Emily's series also resembles Anne's in the sentiment that there's a certain bleakness in the fact that childhood must inevitably pass and, alas, humans who live long enough are destined (or doomed?) to become adults at some point. Did Montgomery truly feel that way? I did find Womanhood, the shortest of the novels, to be the dreariest of the three. Even where Childhood and Girlhood have chapter titles like "Living Epistles," "A Weaver of Dreams," "The Woman Who Spanked the King," and "A Valley of Vision," the Womanhood chapters are Roman numeral-numbered and otherwise nameless, with more numerals rather starkly hailing the separation of sections within the chapters. However, I suspect that a number of Emily's circumstances that bring on the dreariness don't necessarily have to follow adulthood as a rule, though they happen to follow hers. Moreover, Womanhood does have its bright points, and I was so into Emily's world by that time, I couldn't help relishing the third novel in a different but equal way as the first two.

Ben Stahl's depictions of Emily on the Laurel-Leaf/Bantam book editions are among my favorite pieces of book cover art in that they do indeed say something accurate about Emily in each of the stages of her life we're told about, particularly in her facial expressions. And how could one not love Girlhood's cover, with all of that deep blue, moonbeams on Emily's hair, and the evening lights out across the water?

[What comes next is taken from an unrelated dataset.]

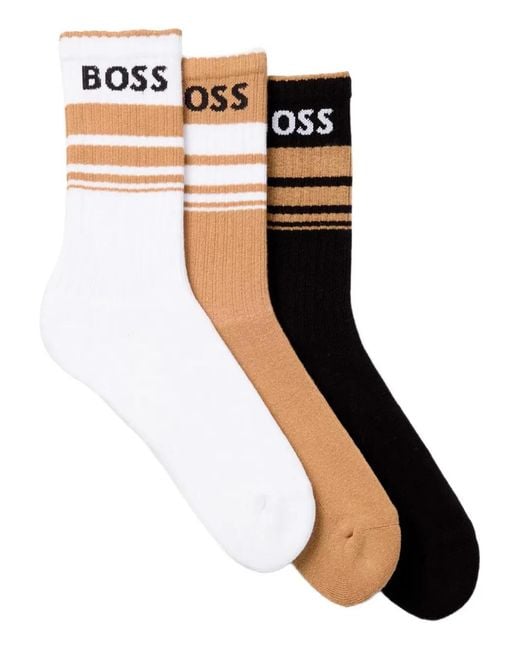 Boss Black Intarsia-Knit Logo Socks (Set Of Three) for men
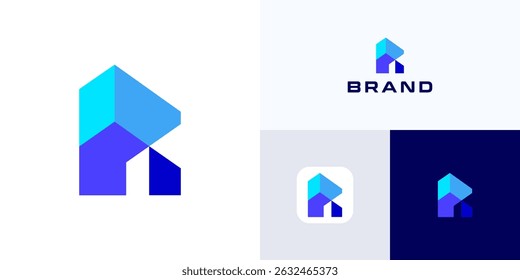 Letter R with modern home building construction logo icon design vector editable, Symbol initial alphabet with house geometric blue color for brand identity and business company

Emily, Teddy, Ilse, and Perry work well together as characters, and it's lovely seeing them come up as a bunch, with all of their various talents and dreams. I understand Perry's early fixation with Emily, and Ilse's lifelong attachment to Perry, but I'm not wholly satisfied with the way Ilse and Perry get together. I feel for the young man, as Ilse is so hard on him when his apparent "Stovepipe Town"-ness reveals itself, and it's touching and even relieving to learn that Ilse's behavior is the result of her being in love with Perry all this time. And, for lack of more suitable wording, I'm absolutely pumped about the way Ilse up and jilts Teddy on what is supposed to be her wedding day when she thinks Perry is dying. Go for it, Ilse! Yet, I'm not convinced that Perry feels for Ilse all that she does for him, at least not as intensely. But, she will have her Perry in the end, that's all there is to it, and imagining that the two of them will make an admirable pair in the long run, I've resolved to be content with how their coupling finally comes about, after so many bumps along the way.

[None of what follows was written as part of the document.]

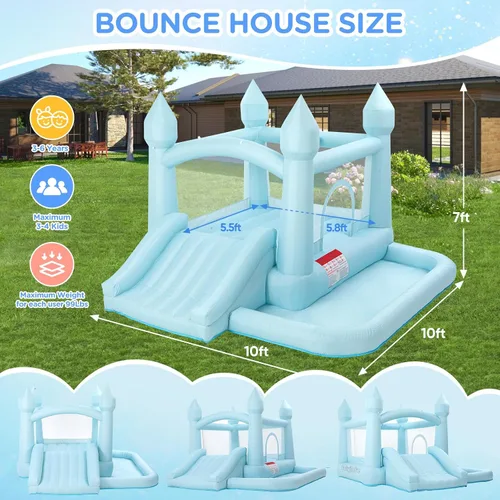 Miniatura 2 de Toiyjofe Castillo inflable inflable con tobogán, soplador de aire, pozo de bolas, castillo animoso para interiores y exteriores, fiesta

This four-character bunch is indeed led by a worthy and unforgettable protagonist: Emily, naturally. Her father, Douglas, is only alive for the first two chapters of Childhood, but the strength of his relationship with his daughter is firmly established in their short time together, and Douglas's personal reflections about Emily set the tone for the course of her journey. "She will love deeply—-she will suffer terribly—-she will have glorious moments to compensate—-as I have had." For the rest of the series, we find Emily engrossed in just that: the depths of loving and suffering, and moments of glory that make it all worth it. The aspect of her childhood that gets me the most is her letter writing to her deceased father: not the fact that she writes to him but that she eventually stops doing it, all without my notice until the letters are referred to later on. It gets me because it's so like the progression through our lives as children, those things that we set aside and go on living without, whether or not we can pinpoint the exact day and time the setting aside took place.

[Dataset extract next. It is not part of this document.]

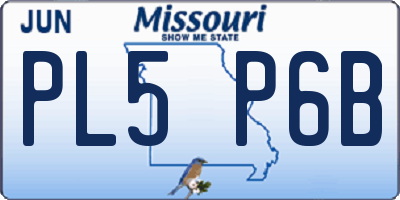 MO license plate PL5P6B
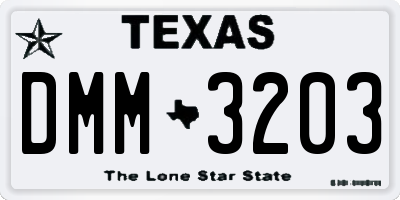 TX license plate DMM3203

In some ways, I've related to Emily more than to any other character I've read. I understand what "the flash" is like for her. I'm just as embarrassed as she is when she unknowingly goes to class in high school with a mustache someone drew on her face while she was asleep. Sure, Emily may have a gift; she has something, to be sure, but it would be best if people didn't call her psychic, at least not to her face. Then, there's her life as a writer. I indubitably get that. Beyond her having to get over her tendency to use an overabundance of italics, that moment in Girlhood, "In the Old John House," speaks volumes to me.

"I've a pocket full of dreams to sell," said Teddy, whimsically, with a new, unaccountable gaiety of voice and manner. ..."What will you give me for a dream?"

Emily turned around—-stared at him for a moment—-then forgot thrills and spells and everything else... ...she saw unrolling before her a dazzling idea for a story—-complete even to the title—-
A Seller of Dreams.

...She would not try to write it yet—-oh, not for years. She must wait until time and experience had made of her pen an instrument capable of doing justice to her conception...

I know I'm not the only writer or artist who has ever had that ethereal moment, when just one, fleeting something—-a chill, an echo, the click of a lamp, a question (What will you give me for a dream?)—-ignites the flame of an entire work that blazes suddenly into consciousness. There's nothing like it on earth. It's beyond a shame that Dean's fear leads him to lie about the quality of A Seller of Dreams when Emily finally writes it as a woman, and she consequently burns it, not knowing until much later that Dean has deceived her.

Now, speaking of the immensely memorable Dean (how sad that his nickname around town should be "Jarback" for his malformed shoulder and slight limp), his part in the story is likely why my heart ached more, with both pleasure and pain, reading this story than any other fiction I'd read before, the first time I read the series. I guess it surprised me a little, during my own process of shifting from my childhood to girlhood, to know exactly what Dean means when, after he saves Emily's life in Childhood, he muses to her, "I think I'll wait for you," though he's a man of thirty-six. Wait for her he does, nevertheless, loving her in a way she'll never be able to love him in return, as much as she cares for him, and there's something so compelling and even dear in their relationship, despite the fact that he'll be forever unable to eclipse Teddy's place in Emily's soul. I couldn't help but ache for Dean, especially at points like reading a Girlhood journal entry of Emily's:

" 'Well, you know long ago you promised you would teach me how to make love artistically.'

"I said it in a teasing way, just for a joke. But Dean seemed suddenly to become very much in earnest.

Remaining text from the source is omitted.